RECORD EXCERPTS:
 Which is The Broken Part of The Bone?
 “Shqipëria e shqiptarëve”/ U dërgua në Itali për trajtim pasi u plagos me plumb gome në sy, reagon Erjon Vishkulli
==
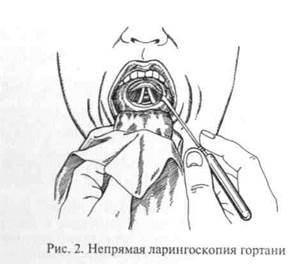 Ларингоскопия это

TASK BRIEF:
Given the records above, restate word for word only the lines starting at the one with "Which is The Broken Part of The Bone?" and ending at the one with "reagon Erjon Vishkulli".

RESULT OF THE TASK:
 Which is The Broken Part of The Bone?
 “Shqipëria e shqiptarëve”/ U dërgua në Itali për trajtim pasi u plagos me plumb gome në sy, reagon Erjon Vishkulli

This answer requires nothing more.